Si les chansons suivantes sont légèrement moins « typées pop » – Finneas n’a produit que Serotonine ! -, elles poursuivent néanmoins dans le même ton. La mécanique du tube potentiel Did You Come? prouve heureusement que Marie n’a pas perdu, heureusement, son « tour de main » pour composer des morceaux auxquels il est difficile de résister… hornylovesickness, avec sa franchise sexuelle, et sa ritournelle accrocheuse qui s’effiloche intelligemment et devient stase, pourrait même devenir notre chanson préférée de girl in red…

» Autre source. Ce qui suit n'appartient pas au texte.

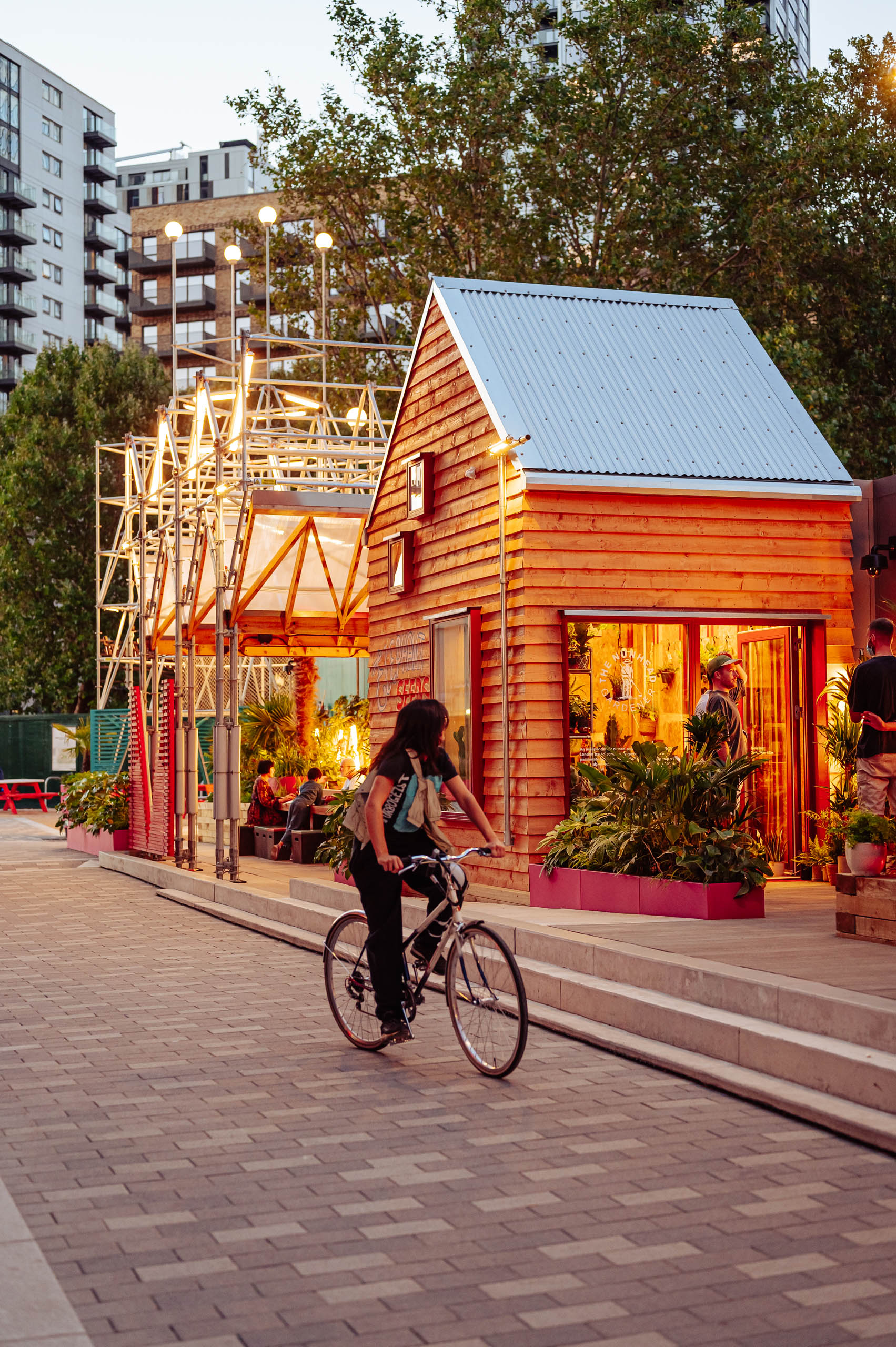 BD Landscape Architects | Landscape Architecture | Urban Design | Space-Making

https://youtu.be/Gh8Gl2GwB6s
Car ce que démontre if i could make it go quiet, c’est que, clairement, le songwriting et le chant de Marie ont gagné en puissance, comme en témoigne par exemple un impressionnant Body and Mind. Par contre, les fans de rock indie, soucieux d’une musique plus « humaine », plus intime, auront plus de mal ici à trouver leur plaisir : midnight love, tout en restant très électronique, retrouve, en exprimant des sentiments simples, presque banals, une émotion, une sincérité blessée qui prolonge directement le travail précédent de Marie Ulven : « I know I don’t want to / Be the one that you run to / When you got nowhere else to go / When you need some love / I know I’m the last one / You try to call but / I always give in / To give you it all » (Je sais que je ne veux pas / Être celle vers qui tu cours / Quand tu n’as nulle part où aller / Quand tu as besoin d’amour / Je sais que je suis la dernière / Que tu essaies d’appeler mais / je cède toujours / Pour tout te donner…).

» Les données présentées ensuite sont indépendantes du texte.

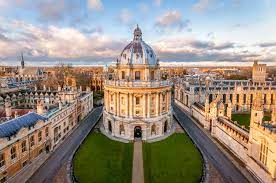 It is our mission to further the university's objective of excellence in research, scholarship, and education by publishing worldwide. Auslandsstudium Was Studieren In Oxford So Besonders Macht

De « purement rock », if i could make it go quiet n’a guère qu’une chanson, You Stupid Bitch, virulente (… pour Marie…) prise à partie d’une amoureuse réticente, qu’on imagine bien jouée sur scène avec l’intensité post-adolescente que déployait girl in red en live en 2019 : « Don’t bite your lip or grit your teeth / Just count to ten and try to breathe / You stupid bitch, can’t you see / The perfect one for you is me? » (Pas la peine de te mordre les lèvres ou de grincer des dents / Compte jusqu’à dix et essaie de respirer / Espèce de salope stupide, tu ne vois pas / Que la fille parfaite pour toi, c’est moi ?).

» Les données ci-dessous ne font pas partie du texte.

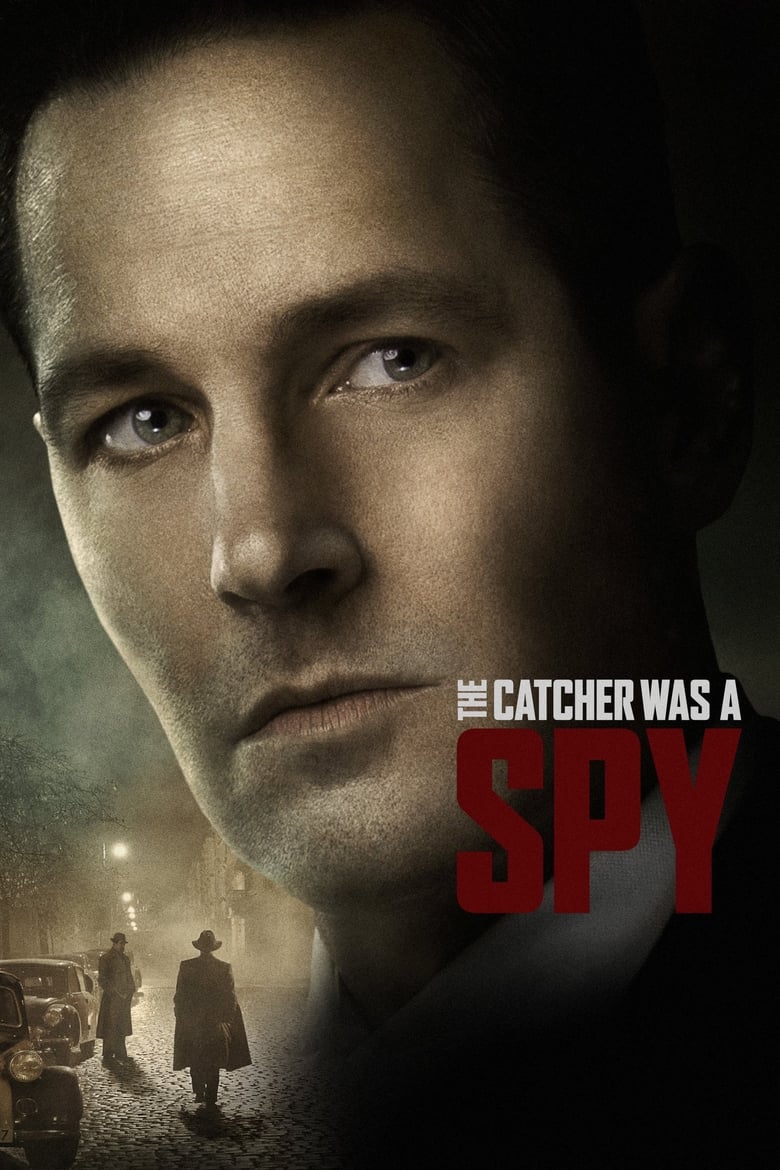 فيلم The Catcher Was a Spy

Plus on se rapproche de la fin de l’album, plus on retrouve derrière cette production « moderne » plaisante mais décalée par rapport aux états d’âme de Marie, ces purs petits moments d’émotion portés par des mélodies entraînantes que l’on aimait sur les EPs, comme sur le très réussi . (oui, la chanson s’appelle « point …final ? »…). La courte conclusion de l’album, instrumentale et comme en suspension, laisse entendre que Marie Ulven reste capable de légèreté, de subtilité… que rien n’est perdu : finalement peut-on vraiment en vouloir à girl in red d’avoir choisi de sortir un premier album EFFICACE ?
Attendons la suite pour juger de l’orientation que prendra cette musique, la manière dont brillera cette flamme ténue mais que nous chérissons, que nous ne voudrions pas voir si tôt éteinte.